4. Explain why the chances of borehole instability are influenced by hole inclination.
5. List the drilling (and other) problems arising from high dog leg severity in a deviated
well.
6. Explain what the DD should do if his survey indicates an unacceptably-high dog leg
severity in the interval just drilled.
13.1 An Overview
The development of new technologies in the 80’s, like the MWD systems for real-time
surveying, steerable systems for an effective control of trajectory, PDC bits for efficient
drilling of long sections, mud and hydraulic systems for improved control of hole
cleaning and borehole stability, etc. have transformed directional drilling into a common
practice.
But, if we compare the performance and drilling conditions of vertical and directional
wells, it is possible to identify some particular problems related to deviated boreholes. In
this chapter we analyze the most common directional drilling problems and possible
solutions.
13.1.1 Differential Sticking
Differential pressure sticking occurs only across a permeable zone, such as sand. One or
a combination of the following mechanisms will be responsible for sticking:
· Pipe sticking occurs when part of the drill string rests against the wall of the
borehole, which is the case in directional wells, imbedding itself in the filter
cake. The area of the drill pipe in contact with filter cake is then sealed from the
full hydrostatic pressure of the mud column.
· The pressure difference between the mud column pressure and the formation
pressure acts on the area of the drill pipe in contact with the filter cake to hold
the drill pipe against the wall of the borehole.
Overpull due to differential pressure sticking can be calculated from the product of
differential pressure, contact area, and a friction factor as follows:
Overpull = (Mud Pressure - Formation Pressure) xContact Area x Friction Factor
where
Overpull (lbs.)
Mud Pressure (psi)
Formation Pressure (psi)
Contact Area (sq in)
Friction Factor (no unit)
Example: If there is a 6 ppg differential pressure across a sand at 7000 ft. T.V.D.
(Mud Pressure - Formation Pressure) = 0.052 x 7000 x 6 = 2184 psi.
Say we have a contact of 3 inches of drill collar circumference across a sand which is 10’
thick. That gives a contact area of 360 square inches. From experience, the friction
factors vary from 0.15 to 0.50. We will use 0.15 for this example.
An extra overpull of 118 lbs. on top of the normal friction in the wellbore can easily
mean the difference between being free and being stuck. This example also used a
relatively thin sand of 10 feet.
We should actually use the projection of the contact area onto the horizontal plane to be
precise. This is more difficult to visualize and is not used here for simplicity.
· Chemically active formations
· Overpressured formations
· High dip sloughing
· Unconsolidated formations
· Mobile formations
· Mechanical Stability
The behavior of vertical and directional wells in the first 5 cases above is similar; they
are controlled with the implementation of the correct mud system and operational
procedures.
The formation mechanical stability is a concern when drilling directional wells in general
and high inclination or horizontal wells in particular. When a borehole is drilled, the
process may be thought of as one of replacing the rock which was originally in the hole
with drilling mud. This causes a disturbance to the in-situ stress state local to the hole
because a column of rock which supported three, probably different, principal stresses
(three axes, i.e. two horizontal and one vertical) is replaced by fluid in which the three
principal stresses are equal and, typically, lower than any of the stresses in the original
rock column. Unbalanced conditions will generate borehole problems; lost circulation or
hole instability problems (e.g. sloughing or caving). The directional drilling plan,
deviation and azimuth, is a very important factor in the borehole stability.

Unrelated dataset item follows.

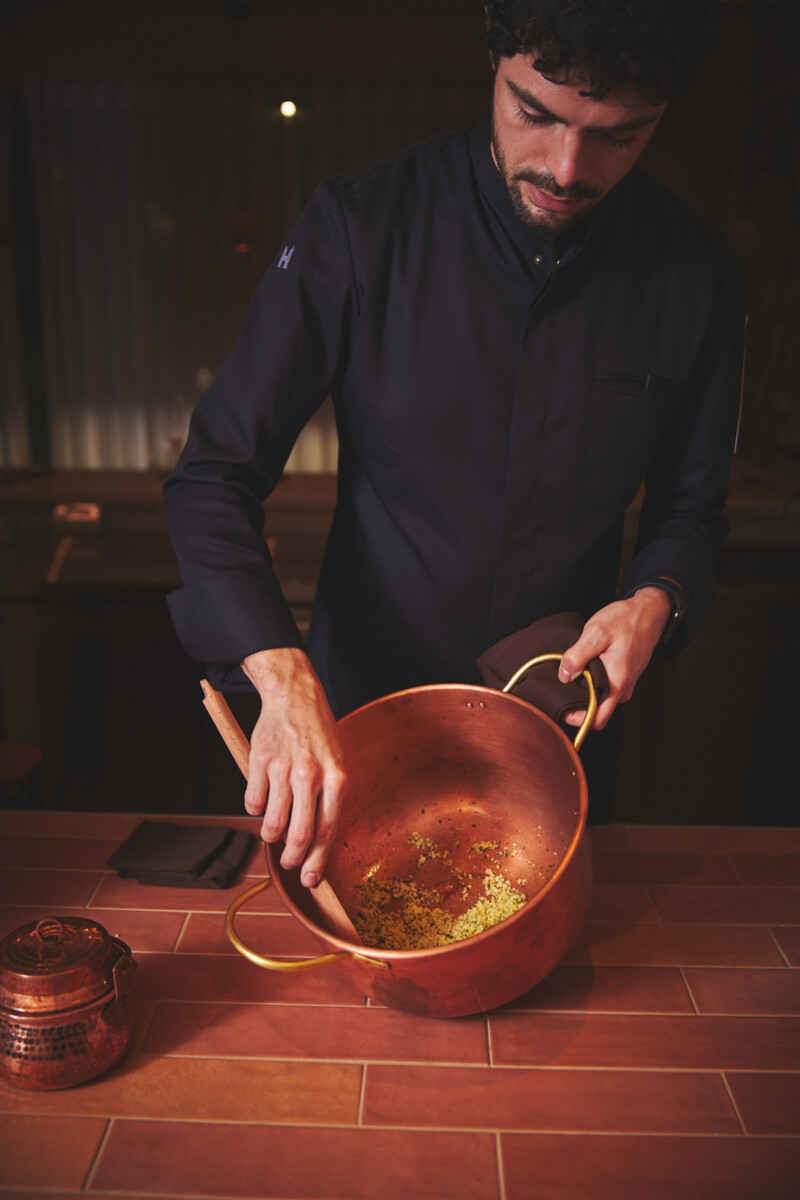 主廚 Nico Gellon 將帶著多元文化的背景和十多年的料理經驗，挑戰風味的疆界。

Over the last years the industry has studied the borehole stability process to define, at the
planning stage, the borehole stability problems that would be faced during the actual
drilling operation. The intention is to identify the in-situ stress state where the well is to
be drilled, to calculate the stresses that will occur at the borehole wall when the well is
drilled and to substitute the borehole wall stresses into shear and tensile failure criteria to
see whether failure occurs. It was found that for a particular formation the upper and
lower formation stability limits (fracture initiation pressure and sloughing/caving
pressure) are greatly affected by the hole inclination and azimuth.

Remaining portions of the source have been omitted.